MS Latin1 and Latin1 both support English and most Western European languages and are compatible with each other. When you install the PowerCenter Client, PowerCenter Integration Service, or PowerCenter repository on a system using one of these code pages, you can install the rest of the components on any machine using the MS Latin1 or Latin1 code pages.
You can use the IBM EBCDIC code page for the PowerCenter Integration Service process when you install it on a mainframe system. You cannot install the PowerCenter Client or PowerCenter repository on mainframe systems, so you cannot use the IBM EBCDIC code page for PowerCenter Client or PowerCenter repository installations.
UNIX Code Pages
In the United States, most UNIX operating systems have more than one code page installed and use the ASCII code page by default. If you want to run PowerCenter in an ASCII-only environment, you can use the ASCII code page and run the PowerCenter Integration Service in ASCII mode.
UNIX systems allow you to change the code page by changing the LANG, LC_CTYPE or LC_ALL environment variable. For example, you want to change the code page an AIX machine uses. Use the following command in the C shell to view your environment:
locale
This results in the following output, in which “C” implies “ASCII”:
LANG="C"
LC_CTYPE="C"
LC_NUMERIC="C"
LC_TIME="C"
LC_ALL="C"
To change the language to English and require the system to use the Latin1 code page, you can use the following command:
setenv LANG en_US.iso88591
When you check the locale again, it has been changed to use Latin1 (ISO 8859-1):
LANG="en_US.iso88591"
LC_CTYPE="en_US.iso88591"
LC_NUMERIC="en_US.iso88591"
LC_TIME="en_US.iso88591"
LC_ALL="en_US.iso88591"
For more information about changing the locale or code page of a UNIX system, see the UNIX documentation.
Windows Code Pages
The Windows operating system is based on Unicode, but does not display the code page used by the operating system in the environment settings.
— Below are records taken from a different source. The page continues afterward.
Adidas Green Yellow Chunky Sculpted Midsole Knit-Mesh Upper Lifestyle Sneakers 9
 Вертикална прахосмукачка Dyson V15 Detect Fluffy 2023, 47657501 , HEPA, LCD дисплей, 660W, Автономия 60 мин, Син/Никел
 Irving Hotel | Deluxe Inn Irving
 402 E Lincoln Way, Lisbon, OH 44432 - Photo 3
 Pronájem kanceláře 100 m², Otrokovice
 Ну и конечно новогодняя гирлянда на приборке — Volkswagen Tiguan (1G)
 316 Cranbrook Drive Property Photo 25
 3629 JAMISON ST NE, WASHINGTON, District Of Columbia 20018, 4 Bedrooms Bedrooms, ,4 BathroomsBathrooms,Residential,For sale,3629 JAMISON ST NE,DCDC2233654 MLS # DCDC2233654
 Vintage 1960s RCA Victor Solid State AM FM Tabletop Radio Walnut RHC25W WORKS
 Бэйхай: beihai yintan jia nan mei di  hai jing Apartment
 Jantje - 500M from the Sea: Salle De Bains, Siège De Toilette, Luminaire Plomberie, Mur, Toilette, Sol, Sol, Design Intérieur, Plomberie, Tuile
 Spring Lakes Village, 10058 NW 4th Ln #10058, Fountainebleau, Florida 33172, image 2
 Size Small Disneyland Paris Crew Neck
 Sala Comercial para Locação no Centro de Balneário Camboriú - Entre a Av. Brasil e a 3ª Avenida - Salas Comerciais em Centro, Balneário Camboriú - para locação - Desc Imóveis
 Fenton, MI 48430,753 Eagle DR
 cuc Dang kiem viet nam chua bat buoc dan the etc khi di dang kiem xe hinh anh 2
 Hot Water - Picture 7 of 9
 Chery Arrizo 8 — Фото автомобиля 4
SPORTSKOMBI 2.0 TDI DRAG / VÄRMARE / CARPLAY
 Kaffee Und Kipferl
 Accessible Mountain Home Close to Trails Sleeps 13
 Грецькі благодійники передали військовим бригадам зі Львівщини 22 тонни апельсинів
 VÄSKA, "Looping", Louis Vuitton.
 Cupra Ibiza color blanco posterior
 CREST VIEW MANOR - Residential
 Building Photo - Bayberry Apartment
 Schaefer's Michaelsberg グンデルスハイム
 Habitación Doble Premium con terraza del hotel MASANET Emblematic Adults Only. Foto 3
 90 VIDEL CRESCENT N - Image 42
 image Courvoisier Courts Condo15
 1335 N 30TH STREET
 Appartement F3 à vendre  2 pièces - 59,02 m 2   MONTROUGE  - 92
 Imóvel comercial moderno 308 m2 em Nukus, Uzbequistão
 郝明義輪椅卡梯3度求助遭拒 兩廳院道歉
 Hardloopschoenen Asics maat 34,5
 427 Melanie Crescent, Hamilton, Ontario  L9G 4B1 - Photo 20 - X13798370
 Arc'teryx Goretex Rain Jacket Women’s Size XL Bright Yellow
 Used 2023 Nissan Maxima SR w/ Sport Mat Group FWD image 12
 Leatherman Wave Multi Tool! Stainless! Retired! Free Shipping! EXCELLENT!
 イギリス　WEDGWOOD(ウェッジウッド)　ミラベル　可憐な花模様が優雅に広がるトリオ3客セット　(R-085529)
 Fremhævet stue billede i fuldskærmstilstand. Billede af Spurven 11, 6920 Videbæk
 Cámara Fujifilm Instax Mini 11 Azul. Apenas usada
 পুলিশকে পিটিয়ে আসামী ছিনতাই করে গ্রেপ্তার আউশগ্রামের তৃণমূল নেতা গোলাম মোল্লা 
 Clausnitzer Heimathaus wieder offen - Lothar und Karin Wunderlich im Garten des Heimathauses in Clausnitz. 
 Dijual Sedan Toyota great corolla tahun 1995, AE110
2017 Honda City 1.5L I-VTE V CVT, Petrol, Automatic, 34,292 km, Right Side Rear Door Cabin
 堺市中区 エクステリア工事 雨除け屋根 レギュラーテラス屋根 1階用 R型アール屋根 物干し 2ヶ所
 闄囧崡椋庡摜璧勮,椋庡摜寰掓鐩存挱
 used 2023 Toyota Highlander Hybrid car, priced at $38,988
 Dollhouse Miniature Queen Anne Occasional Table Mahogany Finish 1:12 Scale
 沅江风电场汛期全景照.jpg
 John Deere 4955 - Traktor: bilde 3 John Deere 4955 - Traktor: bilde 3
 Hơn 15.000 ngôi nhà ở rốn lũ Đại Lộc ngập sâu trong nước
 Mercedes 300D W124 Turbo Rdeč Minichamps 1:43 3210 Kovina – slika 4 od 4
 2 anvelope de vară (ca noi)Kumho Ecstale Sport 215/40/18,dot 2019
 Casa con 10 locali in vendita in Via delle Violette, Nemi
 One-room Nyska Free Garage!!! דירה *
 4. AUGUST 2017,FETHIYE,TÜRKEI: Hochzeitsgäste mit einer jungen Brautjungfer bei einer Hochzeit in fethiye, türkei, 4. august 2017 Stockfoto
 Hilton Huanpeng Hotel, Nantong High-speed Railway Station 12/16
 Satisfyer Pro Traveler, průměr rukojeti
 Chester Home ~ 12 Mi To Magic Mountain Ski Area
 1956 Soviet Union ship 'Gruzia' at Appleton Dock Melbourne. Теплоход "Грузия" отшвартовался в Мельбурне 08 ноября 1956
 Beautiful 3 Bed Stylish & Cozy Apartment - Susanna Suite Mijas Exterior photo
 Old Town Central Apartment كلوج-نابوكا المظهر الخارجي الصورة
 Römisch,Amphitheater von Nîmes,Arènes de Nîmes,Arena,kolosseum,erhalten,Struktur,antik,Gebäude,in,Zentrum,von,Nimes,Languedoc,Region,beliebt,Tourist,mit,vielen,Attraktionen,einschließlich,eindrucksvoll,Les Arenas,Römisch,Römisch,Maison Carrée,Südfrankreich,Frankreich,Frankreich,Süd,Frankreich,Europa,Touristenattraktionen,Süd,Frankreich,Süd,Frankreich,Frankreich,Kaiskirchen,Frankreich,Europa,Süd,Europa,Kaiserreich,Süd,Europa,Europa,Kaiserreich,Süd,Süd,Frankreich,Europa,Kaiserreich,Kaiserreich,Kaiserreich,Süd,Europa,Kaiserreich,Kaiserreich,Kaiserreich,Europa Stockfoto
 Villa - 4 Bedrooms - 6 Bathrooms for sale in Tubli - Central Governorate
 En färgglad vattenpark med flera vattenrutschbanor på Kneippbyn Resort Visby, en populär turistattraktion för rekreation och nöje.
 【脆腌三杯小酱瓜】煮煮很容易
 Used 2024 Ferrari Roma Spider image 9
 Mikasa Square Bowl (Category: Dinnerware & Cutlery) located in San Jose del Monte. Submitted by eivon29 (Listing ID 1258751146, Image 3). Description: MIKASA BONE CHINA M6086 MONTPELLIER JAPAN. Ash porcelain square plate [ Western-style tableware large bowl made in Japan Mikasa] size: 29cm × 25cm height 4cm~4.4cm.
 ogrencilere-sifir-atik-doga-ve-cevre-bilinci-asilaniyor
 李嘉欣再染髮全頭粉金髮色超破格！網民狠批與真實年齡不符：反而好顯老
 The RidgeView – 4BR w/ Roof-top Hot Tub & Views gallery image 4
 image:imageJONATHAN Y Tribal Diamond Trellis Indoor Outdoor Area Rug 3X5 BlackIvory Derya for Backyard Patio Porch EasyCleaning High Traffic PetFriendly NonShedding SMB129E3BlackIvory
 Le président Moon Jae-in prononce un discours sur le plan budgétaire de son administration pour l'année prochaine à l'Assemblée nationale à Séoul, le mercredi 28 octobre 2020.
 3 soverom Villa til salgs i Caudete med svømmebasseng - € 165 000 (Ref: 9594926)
However, you can make an educated guess based on the country in which you purchased the system and the language the system uses.
If you purchase Windows in the United States and use English as an input and display language, your operating system code page is MS Latin1 (MS1252) by default. However, if you install additional display or input languages from the Windows installation CD and use those languages, the operating system might use a different code page.
For more information about the default code page for your Windows system, contact Microsoft.
Choosing a Code Page
Choose code pages based on the character data you use in mappings. Character data can be represented by character modes based on the character size. Character size is the storage space a character requires in the database. Different character sizes can be defined as follows:
- •Single-byte. A character represented as a unique number between 0 and 255. One byte is eight bits. ASCII characters are single-byte characters.
- •Double-byte. A character two bytes or 16 bits in size represented as a unique number 256 or greater. Many Asian languages, such as Chinese, have double-byte characters.
- •Multibyte. A character two or more bytes in size is represented as a unique number 256 or greater. Many Asian languages, such as Chinese, have multibyte characters.